**EXERCISE OBJECTIVE:** Your answer must consist of exactly the lines below, starting with the line with "QIANRENON 5 in" and going on through the line with "Dressline Neva Stitched", and nothing else.

**PROVIDED ENTRIES:**
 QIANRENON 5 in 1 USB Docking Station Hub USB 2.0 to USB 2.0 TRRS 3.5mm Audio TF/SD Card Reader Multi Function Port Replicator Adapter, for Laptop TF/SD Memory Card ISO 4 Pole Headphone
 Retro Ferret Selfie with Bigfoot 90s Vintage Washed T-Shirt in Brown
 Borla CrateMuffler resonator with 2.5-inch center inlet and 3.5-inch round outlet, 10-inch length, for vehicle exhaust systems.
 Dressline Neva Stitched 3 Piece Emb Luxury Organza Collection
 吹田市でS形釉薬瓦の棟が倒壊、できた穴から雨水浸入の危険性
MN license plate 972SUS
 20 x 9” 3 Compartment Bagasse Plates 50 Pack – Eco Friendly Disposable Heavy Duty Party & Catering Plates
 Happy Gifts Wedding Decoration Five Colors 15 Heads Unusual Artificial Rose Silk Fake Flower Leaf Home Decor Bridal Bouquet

* * *

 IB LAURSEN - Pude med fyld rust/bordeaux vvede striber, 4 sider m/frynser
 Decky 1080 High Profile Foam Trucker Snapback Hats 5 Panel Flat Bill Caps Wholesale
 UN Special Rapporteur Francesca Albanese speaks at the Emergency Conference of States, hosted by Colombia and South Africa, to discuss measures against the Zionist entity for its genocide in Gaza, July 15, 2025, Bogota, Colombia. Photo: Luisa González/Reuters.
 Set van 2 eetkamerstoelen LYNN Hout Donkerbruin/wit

---

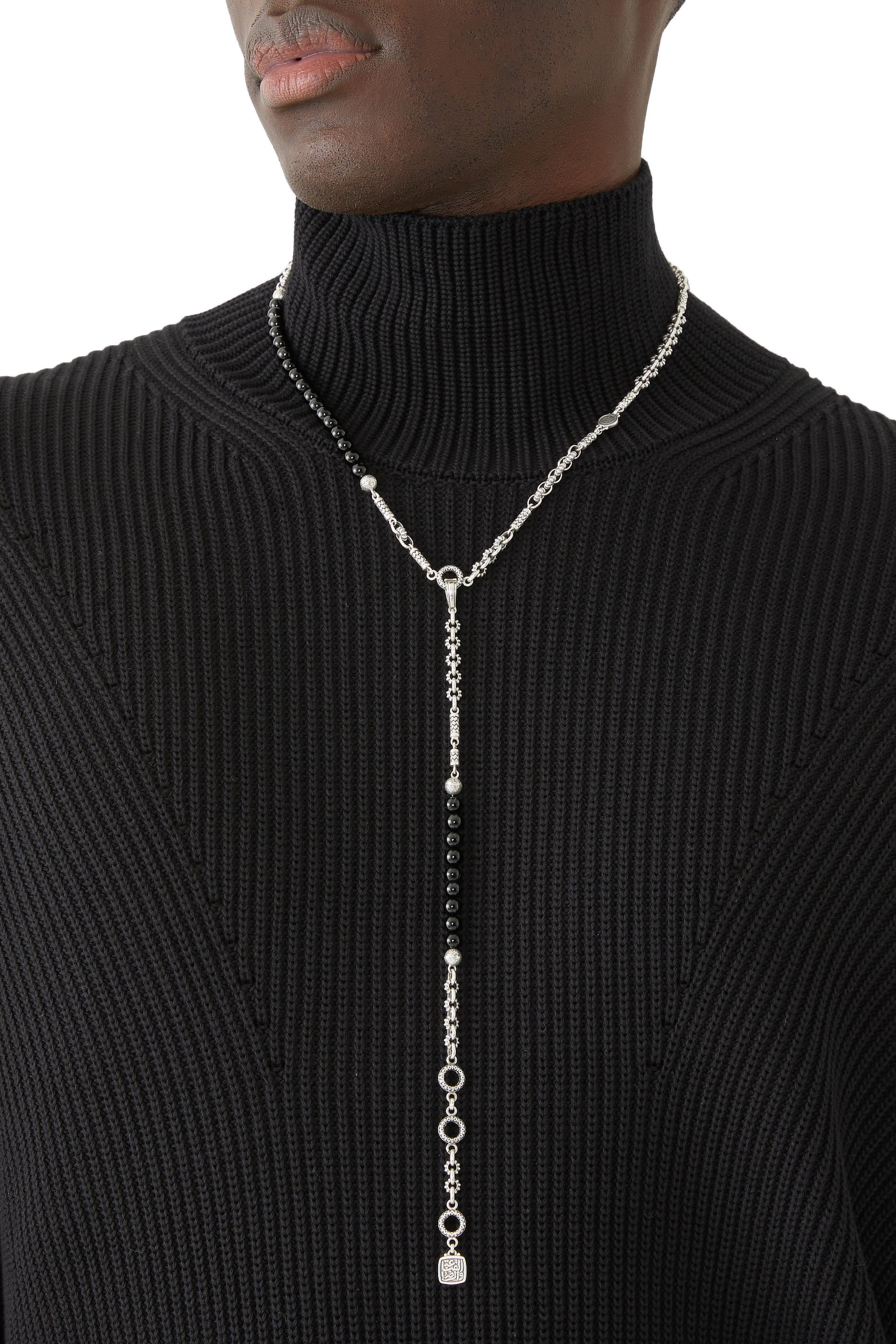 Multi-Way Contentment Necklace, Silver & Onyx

**ANSWER FOR THE TASK:**
 QIANRENON 5 in 1 USB Docking Station Hub USB 2.0 to USB 2.0 TRRS 3.5mm Audio TF/SD Card Reader Multi Function Port Replicator Adapter, for Laptop TF/SD Memory Card ISO 4 Pole Headphone
 Retro Ferret Selfie with Bigfoot 90s Vintage Washed T-Shirt in Brown
 Borla CrateMuffler resonator with 2.5-inch center inlet and 3.5-inch round outlet, 10-inch length, for vehicle exhaust systems.
 Dressline Neva Stitched 3 Piece Emb Luxury Organza Collection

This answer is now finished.